Выживали и другие – те, что, зубы сцепив, своего часа ждали. Или надеялись законным путем на свободу выйти – или из школы проклятой по костям надзирателей вырваться. Но в любом случае, выживали самые сильные. А потом, когда бои на арене начинались, отбор этот в каждом сражении проходил. И уж если гладиатор первые свои бои выиграл, если жив остался, то можете быть уверены: это уже не волк – тигр. Точнее – тигр-каннибал.

А у тигров – и жизнь тигриная. Выжившие начинали привыкать. И не просто привыкать – начинали они собой ГОРДИТЬСЯ.

Удивительного в этом ничего нет. Вспомните «закон» воровской. Казалось бы, чем хвастаться, ежели нары за убийство или разбой просиживаешь? А ведь гордятся, этика корпоративная складывается, иерархия целая. Чем больше срок у тебя – тем к тебе и уважения больше, чем ты сильнее и беспощаднее – тем дальше твой место от «параши».

Этика гладиаторская мало чем от «закона» отличалась, разве что еще более нечеловеческой была. Ведь зэкам нынешним не требуется по крайней друг друга перед публикой насмерть убивать.

Итак, выжившие менялись. Появлялось особенное гладиаторское сознание. Суть его понятна: гладиатор уже «там», и пути обратного «оттуда» нет, но физически-то он еще «здесь»! И не просто «здесь», он сильный, он страшный, он популярный, его ценят!

Вот мы и подошли к иной стороне тюремной жизни. Про пирушки всякие я не зря намекнул. Хороших гладиаторов, которые школу прославляли, начальство старалось всячески поощрить. Но была еще Ее Величество Публика, та, что на трибунах ревела и об заклад на гладиаторскую кровь билась. А публика – везде публика. Цветы, аплодисменты, автографы…
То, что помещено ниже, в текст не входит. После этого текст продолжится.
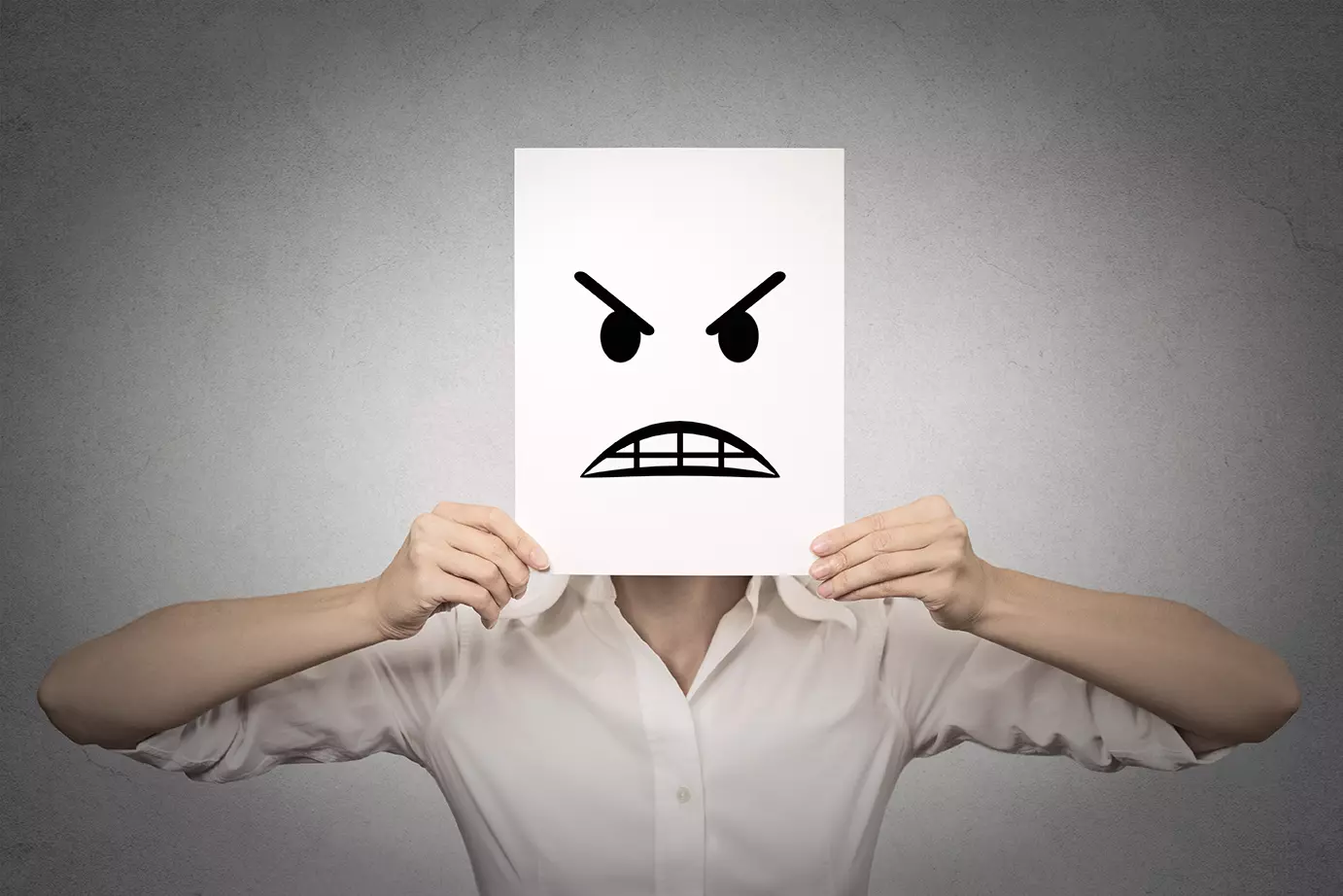 Persona con cara enojada, resolución de conflictos con clientes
Про автографы я не шучу. Брали у гладиаторов автографы! Вот фотографий совместных не было – не изобрели еще. Но автографы еще что! Перед каждым боем в гладиаторской казарме банкет закатывали. Чем бойцы популярнее, тем банкет пышнее. И сбегались на тот банкет все почитатели-болельщики, и болельщицы тоже сбегались. Смаковать не стану, но случаев, когда почтенные матроны на таких пирах оказывались, тьма. Начинался пир за столом, а заканчивался где придется. Так что зря суровые критики Джованьоли ругали за образ Валерии. Помните? Вдова Суллы положила глаз на Спартака-чемпиона? Читал я еще в детстве в предисловии к роману, что, мол, надумано все это. А вот и не надумано! Таких Валерий в Риме было – не счесть. И любили гладиаторов, и страдали по ним, даже стихи писали. Тут ведь особая пряность имелась – сегодня я с моим Спартаком пирую, а завтра ему на арену…

Как по мне, почти некрофилия. Впрочем, кому что по душе.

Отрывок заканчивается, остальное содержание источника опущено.